Records provided >>
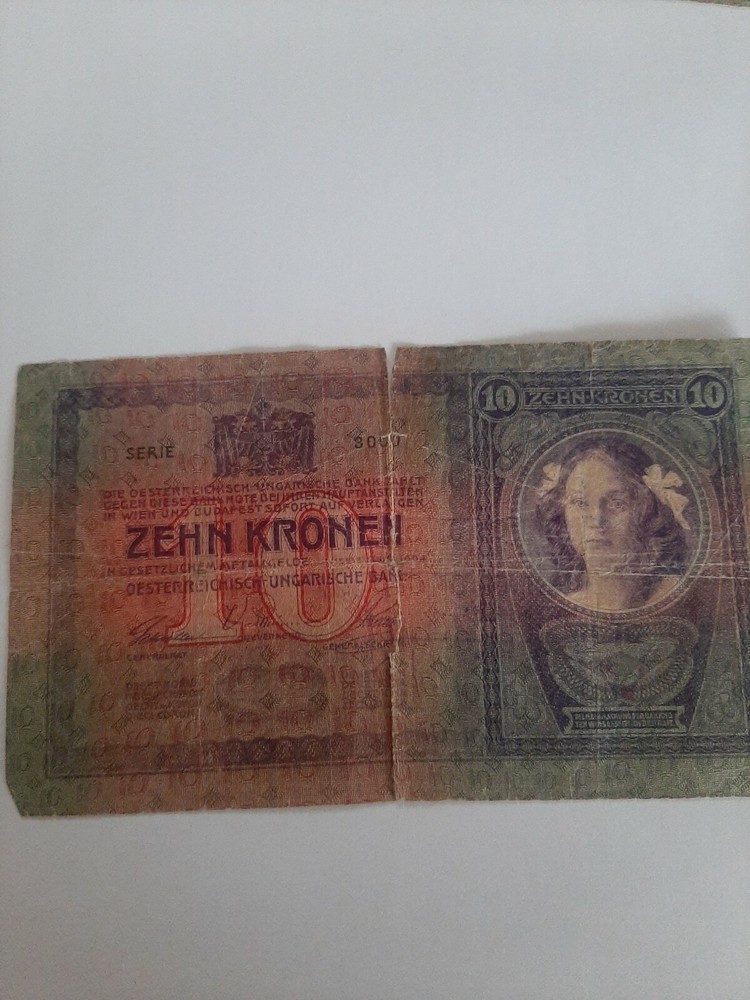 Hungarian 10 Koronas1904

==

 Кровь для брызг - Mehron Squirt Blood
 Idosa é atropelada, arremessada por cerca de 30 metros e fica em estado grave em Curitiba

What to produce >>
All that is wanted is an exact copy of the lines above from the one with "Кровь для брызг - Mehron Squirt Blood" through the one with "Idosa é atropelada, arremessada", with both ends included.

Solution for this problem >>
 Кровь для брызг - Mehron Squirt Blood
 Idosa é atropelada, arremessada por cerca de 30 metros e fica em estado grave em Curitiba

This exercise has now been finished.